4. The Facebook Developer Changes page shows how often new things are released. Hint: A lot.

5. Most importantly, the Facebook feed is saturated: "You end up competing with everyone else for a spot on the feed, and it’s a zero-sum game, as Michael Dearing pointed out to me on Twitter. All of this leads to the marketing channel getting saturated, which I’ve written about in my essay Law of Shitty Clickthroughs, and makes the channel less attractive as time goes on."

I love this part of the article:

The feed is finite

Many of the distribution issues on Facebook have to do with the fact that the feed is finite. A person will only look at the first 10 or 20 stories on any given visit, and anything you put into that grouping takes something out. This leads to all sorts of problems, because as users spend more time with Facebook, all sorts of new activity increases:

  • They “like” more pages
  • They add more friends
  • They “subscribe” to more celebrities
  • They try more apps
  • They sign into more apps with Facebook

The signal on Facebook is overwhelmed by the noise.
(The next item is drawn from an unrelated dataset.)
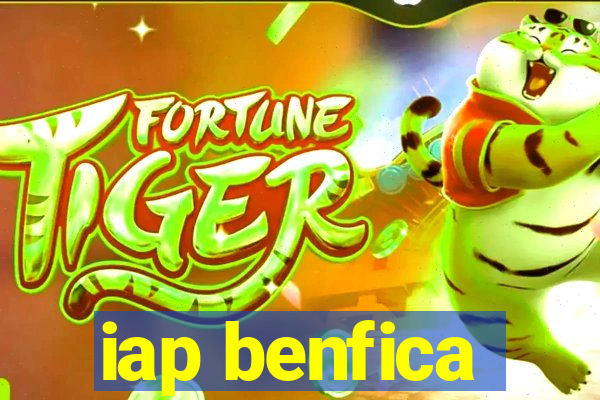 iap benfica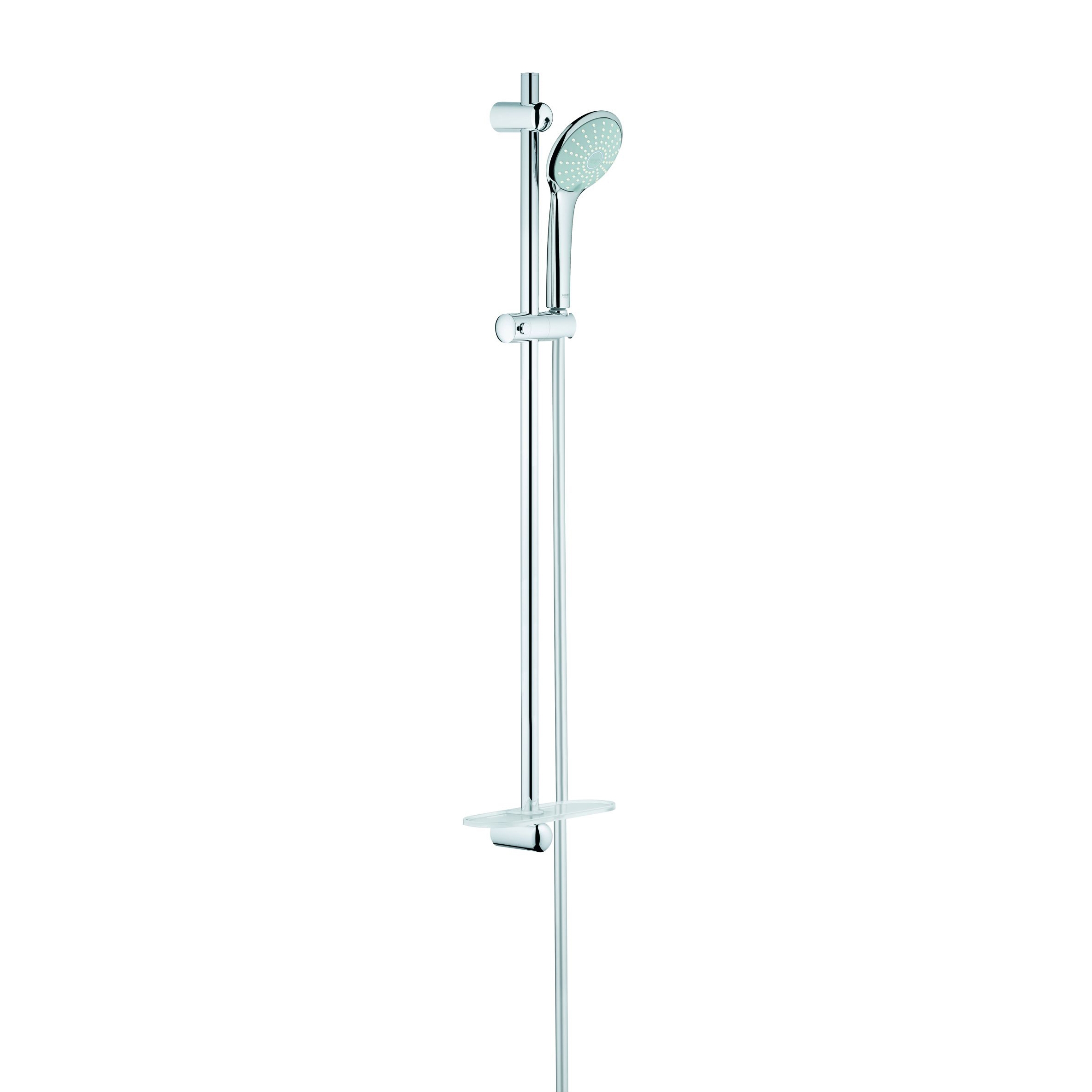 Mostra il prodotto Euphoria 110 Duo Set asta doccia a 2 getti del produttore GROHE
And that is a problem they cannot fix.

Hacker News thread compares Facebook API to Quicksand:

https://news.ycombinator.com/item?id=5590343

"He left out an important reason: That Facebook can and will ban apps at will, regardless of whether or not they have actually done anything wrong. IMO, that's probably where the "uninvestable" comment mentioned in the article came from. If you have to wake up every morning wondering if your app that had X million users last night is still alive, that's a big problem."